Dopo At the End of the Day - Un giorno senza fine e La santa (presentato al Festival di Roma e mai uscito nelle sale), Cosimo Alemà, il re dei videoclip italiani, torna dietro la macchina da presa per unire la sua passione per il cinema e quella per la musica. Il risultato si chiama Zeta, film ambientato nella Roma più periferica che vuole raccontare l'ascesa del rapper Alex detto Zeta (Diego Germini altrimenti noto come IZI) e la sua amicizia con Gaia (Irene Vetere) e Marco (Jacopo Olmo Antinori), due ventenni che come lui sognano il riscatto dalla povertà e l'emarginazione.
Nulla va come previsto. Alex verrà ingaggiato da Sante (Salvatore Esposito), un'autorità nel mondo del rap che intravede in lui delle potenzialità e taglia fuori il suo amico Marco. Pur essendo fidanzata con quest'ultimo Gaia è invece segretamente innamorata di Alex che decide di allontanarla pur di non tradire l'amicizia. Gestire la vita con tutte le occasioni e le trappole che presenta a vent'anni è tutt'altro che facile e così il destino dei tre giovani finirà inevitabilmente per complicarsi.
Questione di credibilità
Il film di Cosimo Alemà, per quanto lodevole nella sua volontà di avvicinarsi ai più giovani e di stabilire con loro un dialogo, ha un grave difetto: la mancanza di credibilità. Il mondo delle periferie romane, come tutti sappiamo, è già stato abbondantemente raccontato, da registi ben più preparati attraverso stili, generi e storie diverse. Non ultimo il fenomenale Lo chiamavano Jeeg Robotdi Gabriele Mainetti. La versione di Alemà non solo è terribilmente convenzionale ma sopratutto superficiale e disattenta sia nella scelta dei dialoghi, talvolta involontariamente comici (specie per un pubblico adulto) quanto più nel ritratto della cosiddetta generazione rap. La validità della recitazione è ovviamente un optional ma nutriamo comprensione nei confronti del trauma vissuto da Antinori dopo essere passato da Bernardo Bertolucci a Ivano De Matteo prima di arrivare alla corte di Alemà!

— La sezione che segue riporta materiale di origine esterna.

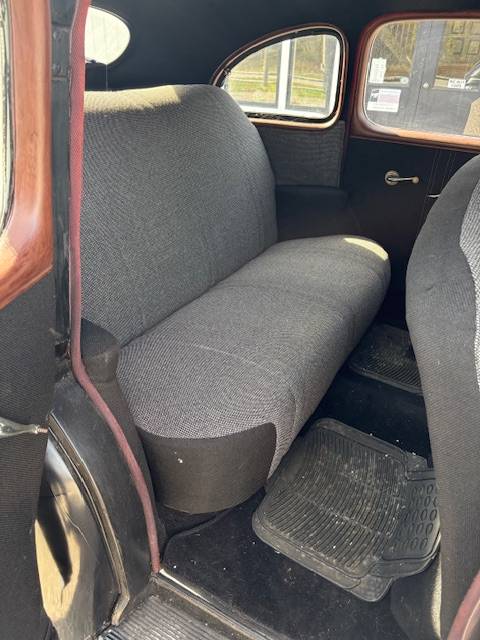 Ford-super-deluxe-1941-black-4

Tornando al protagonista, i limiti delle ambizioni di Alex risiedono soprattutto nel fascino che subisce da una realtà (quella dell'hip-hop italiano) più patinata e artificiale di ciò che finge di essere. In breve, il successo ha più valore dell'amore per la musica. Pochi i nostri rapper di periferia (almeno quelli che scelgono di comparire nel film - da Fedez a Briga, da J-Ax a Baby K) più quelli da copertina, da talent o da reality. Meno fortunati quelli della scena underground, il messaggio subliminale è molto chiaro: se non appari non esisti. I nostri giovani sono sdraiati, è vero, ma la fame, la violenza, la rabbia hanno da sempre generato reazioni viscerali, quelle che latitano clamorosamente in questo film. Confidiamo nel buon cuore e nell'onestà dei sentimenti di Alex/Zeta, anche solo per il volto sincero e lo sguardo vivace dell'esordiente Diego Germini, meno nei suoi obiettivi da raggiungere.
Piccoli problemi di...empatia
Se il mondo musicale a cui il film è affiliato lascia molto a desiderare, la sotto-trama sentimentale è quasi imbarazzante nel suo pressapochismo. La povera Gaia, uno dei pochi personaggi femminili che non agisce per avere qualcosa in cambio (per dirla in modo elegante) è costretta a piangere ad un'inquadratura sì e all'altra pure. Si strugge per il tradimento del suo amato fino all'atteso e prevedibilissimo lieto fine. Oltre all'ingenuità quasi anacronistica con cui vengono connotati i dialoghi e i sentimenti di questi ragazzi a colpire è soprattutto la freddezza del film.
A questo proposito, sorprende constatare quali fossero i modelli di riferimento di Alemà. Ovvero, per sua stessa ammissione, L'odio di Mathieu Kassovitz piuttosto che 8 Mile di Curtis Hanson con Eminemprotagonista. Per non parlare della sua menzione a Il tempo delle mele. Se c'è un elemento imprescindibile nel rap e dunque nella cultura espressa da quei film è l'emotività. L'inverosimiglianza di Zeta finisce per incidere negativamente anche sulla trasmissione di ciò che in casi come questo dovrebbe contare veramente: le emozioni. L'ultima arma vincente a cui possono appellarsi Alemà & Co. è la simpatia, quella del giovane protagonista ma soprattutto di Salvatore Esposito che dopo aver visto interpretare la parte del temibile boss Genny Savastano in Gomorra - La Serie ritroviamo negli improbabili panni di un rapper, buffo ma pur sempre carismatico.